Any attempt to crack down on romantic adventuring must be met with swift and sure push-back. Unless Congress and the White House make a serious effort to prevent an overreaction to the Petraeus affair, it’s entirely possible that questions about infidelity will start cropping up in background checks. The pool of people who are interested in careers in government service and senior appointments in the executive branch will shrink further. And the service can ill-afford to lose creative personnel with a high tolerance for risk.
It’s a sad fact that the folks who are in government, especially in the “elite” services of the CIA and the State Department, aren’t what they used to be. They are, to be blunt, less interesting. There are vastly fewer “characters”—the unconventional, often infuriating, types who give institutions color and competence. There is any number of reasons for that. But it’s at least partly due to the expansion of the counterintelligence establishment’s purview since the discovery of Russian moles in the 1990s. Excessive counter-intelligence makes institutions dull. Timidity becomes commonplace. Fretting about infidelity threatens to become one more factor depriving the government of men and women of talent.
There’s another factor at work. When I was going through the lengthy examination process to enter the Clandestine Service, I had to role-play opposite a middle-aged female case officer. My mission was to infiltrate a certain enterprise, and I had to enumerate the ways, all interconnected, that might work. Before starting my task, the woman asked me what was the one thing I was not permitted to do to win. Fairly well-read in CIA history and briefed by friends already in the agency, I began to list all the off-limits-without-director-approval approaches an operations officer might attempt. With each answer, she shook her head. After dozens of tries, I gave up.
She looked at me scornfully and said, “No sex.”
The subject has inevitably become far more sensitive at Langley in recent years, with the arrival of more women in the workplace, an upswing in office romances, and new rules regulating intramural behavior across the country. As the CIA has become ever more like the rest of corporate America, aspects of the old culture have fallen away. The worst danger, in my view, is that these shifts will lead officials to equate fidelity to a spouse with fidelity to a nation. There is no correlation between serially cheating in a marriage and compromising loyalty to country. Patriotism is a very different kind of love.
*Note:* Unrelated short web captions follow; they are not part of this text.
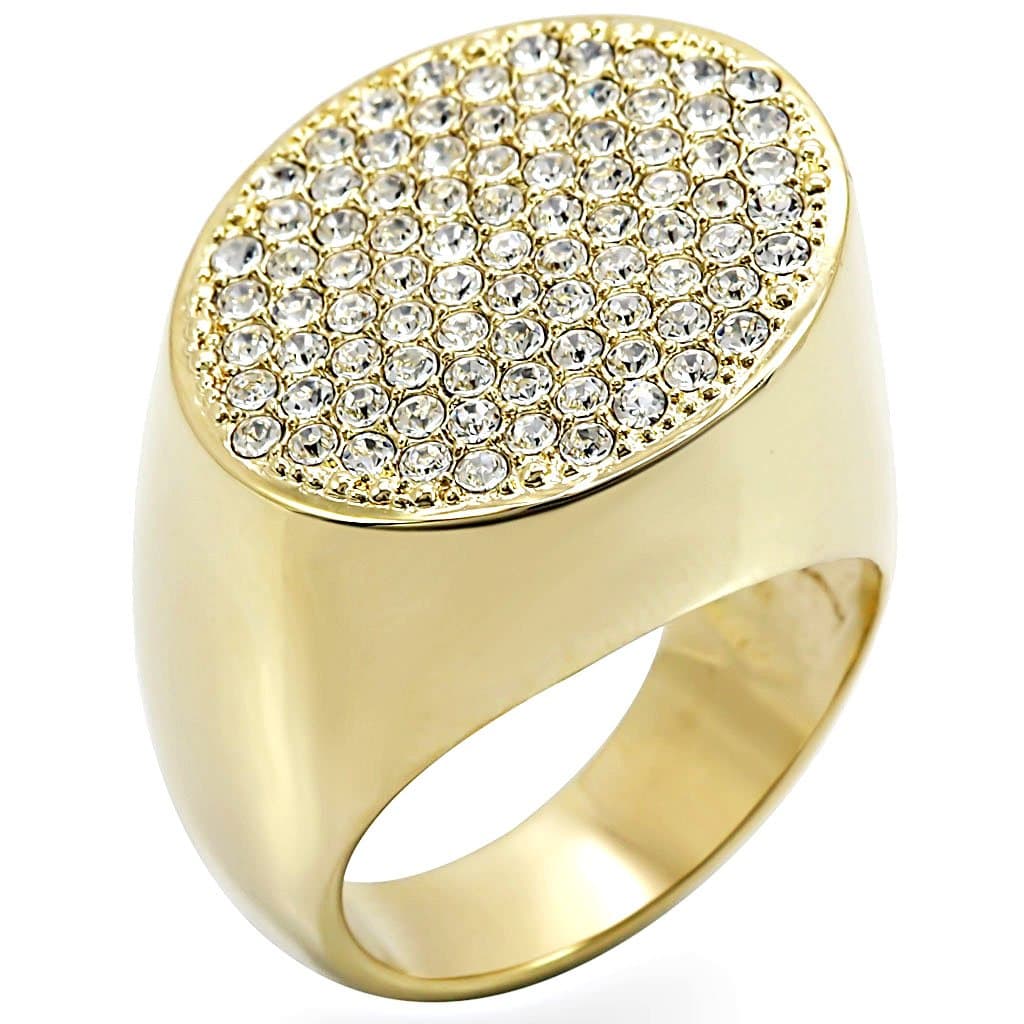 Brass Gold CZ Pavé Oval Signet Ring | The Stainless Jewelry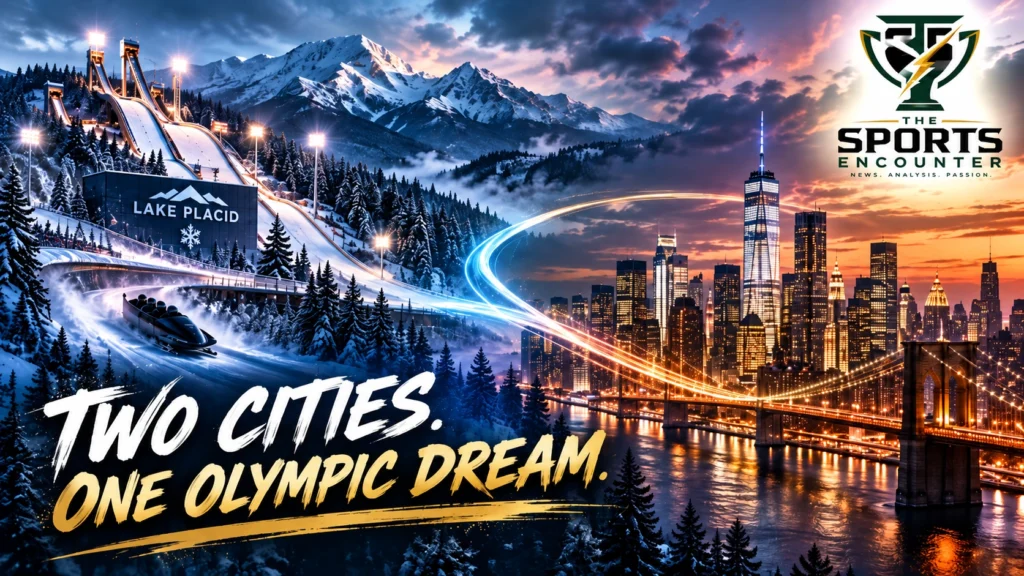 Panoramic composite of Lake Placid's Olympic winter sports facilities in the Adirondack Mountains and New York City's skyline, illustrating the proposed joint 2042 Winter Olympics hosting concept.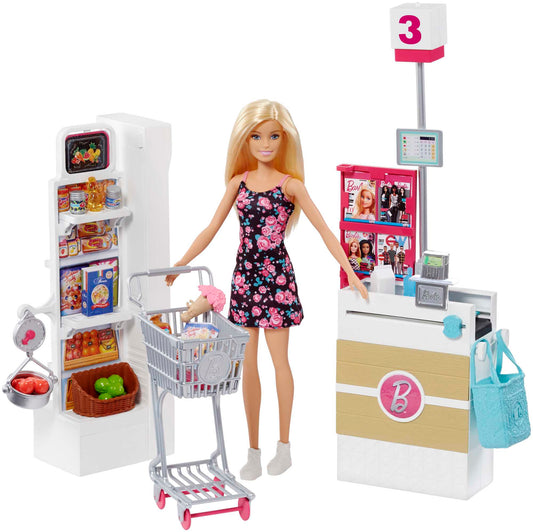 Barbie Doll and Supermarket Playset with 25 Accessories (FRP01)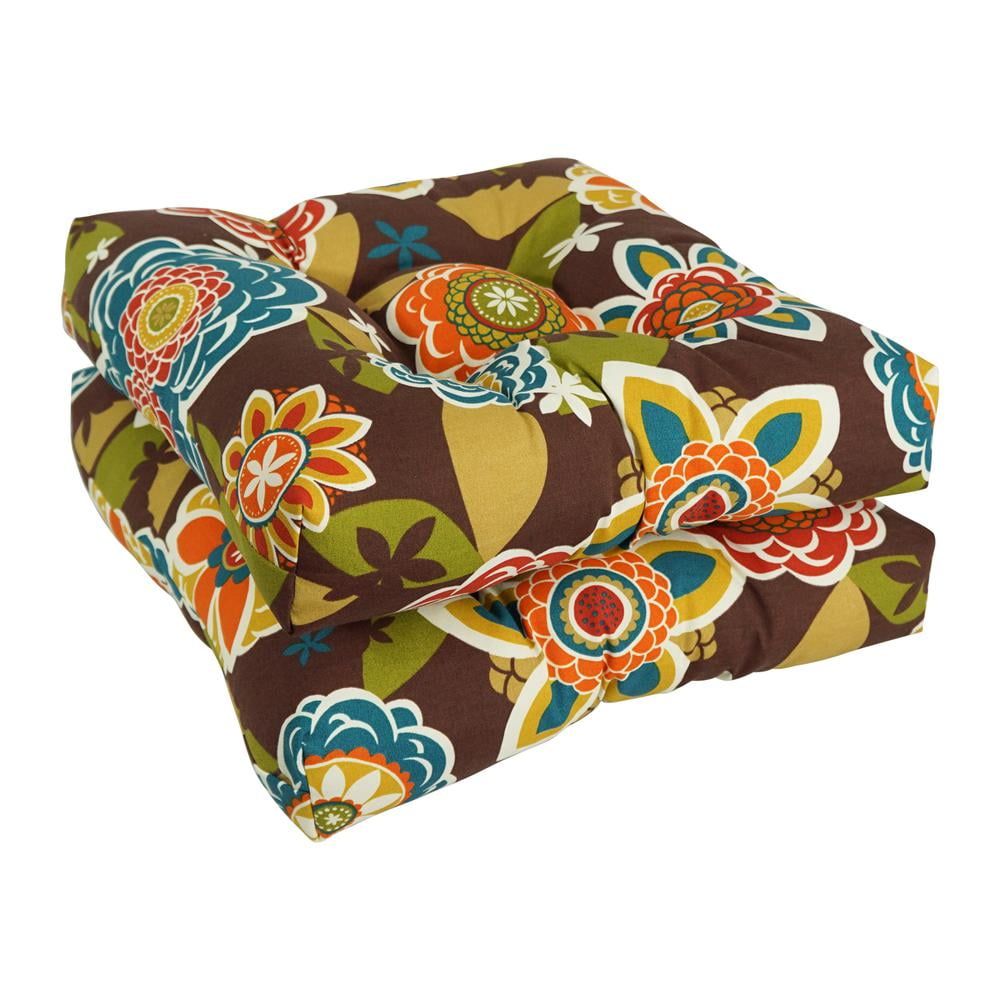 Annie Chocolate Multicolor Polyester Tufted Dining Chair Cushions, Set of 2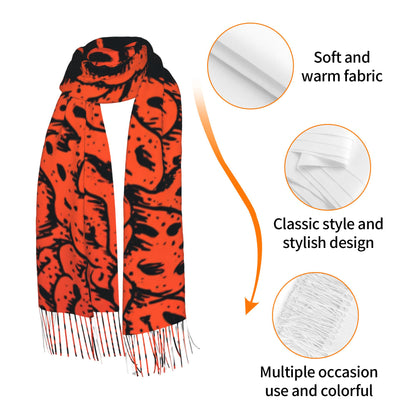 Trendy “STORM” Letter Pattern Imitation Cashmere Warm Fringed Scarf (77in×27in)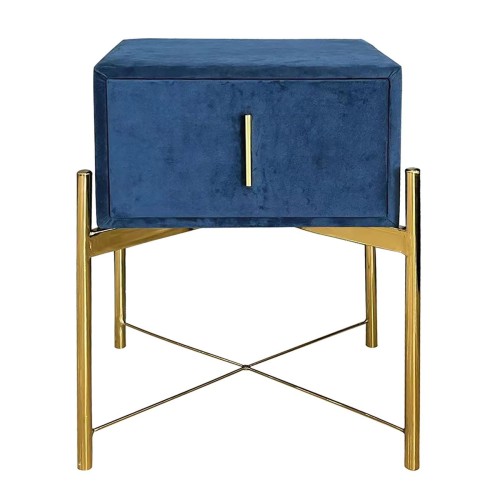 PASSION  Κομοδίνο με 1 Συρτάρι, Ύφασμα Velure Απόχρωση Μπλε 51x40x65cm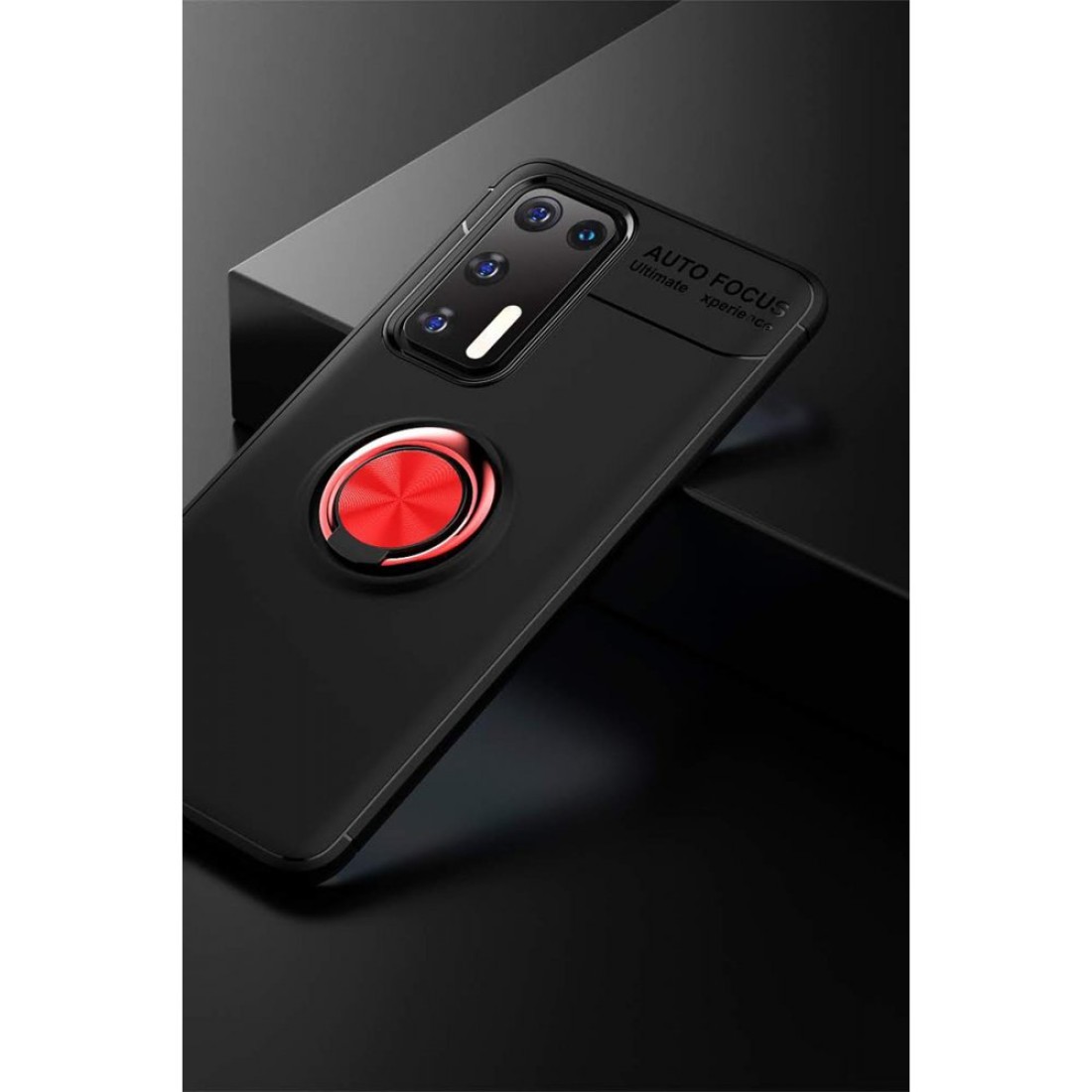  Huawei P40 Kılıf Range Yüzüklü Silikon - Siyah-Kırmızı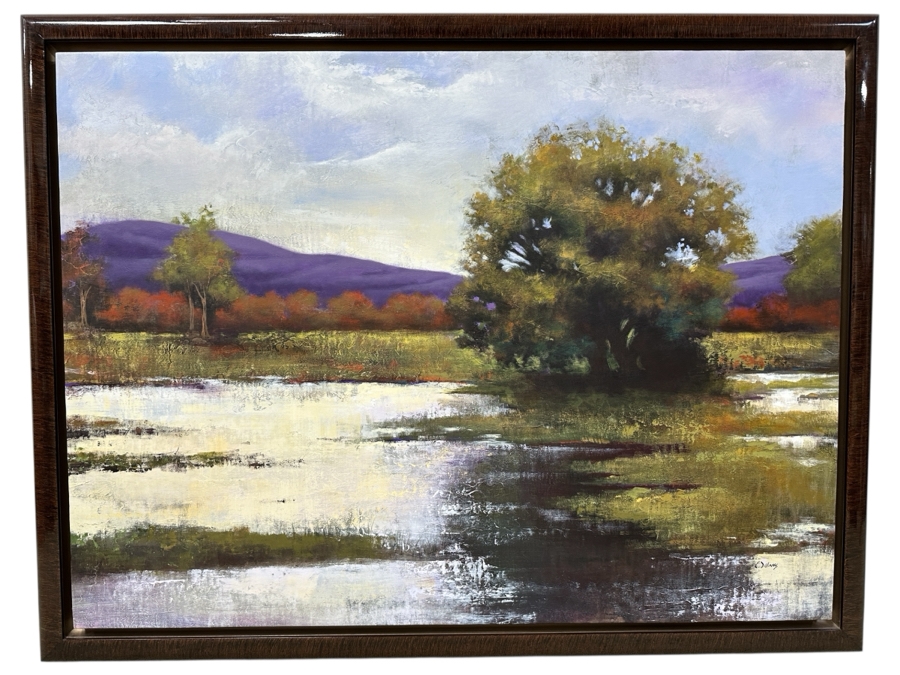  Mixed Media On Canvas Titled 'Purple Sky' Signed Bottom Right, “Williams” (Artist Unidentified) 50' x 38”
The CIA has a long history of getting into trouble, then overcorrecting for its perceived sins. After the congressional Church Committee saw the devil in the agency’s cold war work, lawyers descended upon Langley. Contrary to the depiction of aggressive CIA interrogation in Zero Dark Thirty, the institution has become a very cautious one. Before we down more generals, before we unleash the FBI on more clandestine romances, we should remember the long, humdrum history of infidelity and espionage—and leave the punishment of wayward operatives to their husbands or wives. Case officers aren’t saints. For their sakes, and ours, don’t try to make them, or the civilians who oversee them, into moral paragons.
Reuel Marc Gerecht, a former CIA operations officer, is a senior fellow at the Foundation for the Defense of Democracies.